What exactly these changes are that the council wants are yet to be clarified. Incorporating the charter into the act will convert the charter’s clauses from policy into regulation, meaning less scope for playing about the edges by both sides.
Regulatory uncertainty is one of the fundamental reasons for the dearth of expansion capital investment and a stagnation of exploration expenditure, which means there are no replacement deposits lined up when existing reserves and resources are mined out.
The department of mineral resources & energy, organised labour and the then-Chamber of Mines met in the Drakensberg for a mining summit in March 2010 to develop a joint strategy for growing and transforming the industry. A fat document that came from the talks raised the exact issues that are now besetting the industry, some of which have worsened, rather than improved. In other words, almost nothing has changed in a decade.
The council has presented studies, motivations, plans, proposals and suggestions to the department on how to grow the industry, bringing in new mines, new owners, increased labour, higher output. It’s fair to say precious little of this effort has gained traction with the government in the past decade.
Whatever unhappiness there was about the charter is worsened and the subject of an unsightly fight in court.
Pleas from the industry to unlock infrastructure — rail, ports and electricity generation — are as pertinent today as they were a decade ago. Billions of rand allocated to the parastatals operating this infrastructure have been squandered instead of sensibly deployed as intended. State and union grievances about the way some mining companies respond to their obligations under the charter remain pertinent.
The fault lines between the stakeholders are as deep as ever.
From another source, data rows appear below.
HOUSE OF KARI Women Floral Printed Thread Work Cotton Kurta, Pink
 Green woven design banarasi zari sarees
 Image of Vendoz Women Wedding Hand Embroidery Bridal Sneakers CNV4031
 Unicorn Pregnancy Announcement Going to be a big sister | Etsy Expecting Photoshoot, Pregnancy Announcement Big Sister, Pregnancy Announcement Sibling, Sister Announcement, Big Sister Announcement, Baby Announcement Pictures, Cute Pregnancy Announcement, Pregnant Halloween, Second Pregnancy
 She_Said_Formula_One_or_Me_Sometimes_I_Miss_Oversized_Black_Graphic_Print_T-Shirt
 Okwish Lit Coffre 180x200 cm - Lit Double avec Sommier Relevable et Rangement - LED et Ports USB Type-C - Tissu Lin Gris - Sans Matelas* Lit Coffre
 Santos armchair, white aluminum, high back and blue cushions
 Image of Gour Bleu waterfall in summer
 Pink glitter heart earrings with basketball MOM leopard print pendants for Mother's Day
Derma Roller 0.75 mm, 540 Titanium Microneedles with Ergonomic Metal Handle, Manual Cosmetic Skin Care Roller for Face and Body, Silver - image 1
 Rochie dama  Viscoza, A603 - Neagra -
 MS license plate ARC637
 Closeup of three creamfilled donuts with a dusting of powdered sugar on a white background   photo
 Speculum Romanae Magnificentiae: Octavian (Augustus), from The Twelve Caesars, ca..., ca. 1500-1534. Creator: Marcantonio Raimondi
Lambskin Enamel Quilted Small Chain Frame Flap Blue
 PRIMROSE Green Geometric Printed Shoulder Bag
The government must listen to the pleas coming from the industry, which is desperate to grow. Slapping export taxes on “strategic minerals” to keep them in the country and firing up a non-existent manufacturing base to create products the world wants is not going to help.
Continuing to do what has been done for 26 years and seeing the mining industry in decline, shedding tens of thousands of jobs in an economy where one in three adults is unemployed, and then doubling down on that strategy is lunacy.
The ANC’s stated intentions in its policies cannot be faulted. Lifting the population out of poverty, creating decent living standards and jobs for all and creating a new society from the bitter ashes of apartheid are all admirable and desirable intentions.
But destroying industries with bad policies and regulations, and refusing to listen and adopt ideas because of ideological differences, or the simple arrogance of holding a perceived moral or political high ground is rank stupidity that SA simply cannot afford any longer.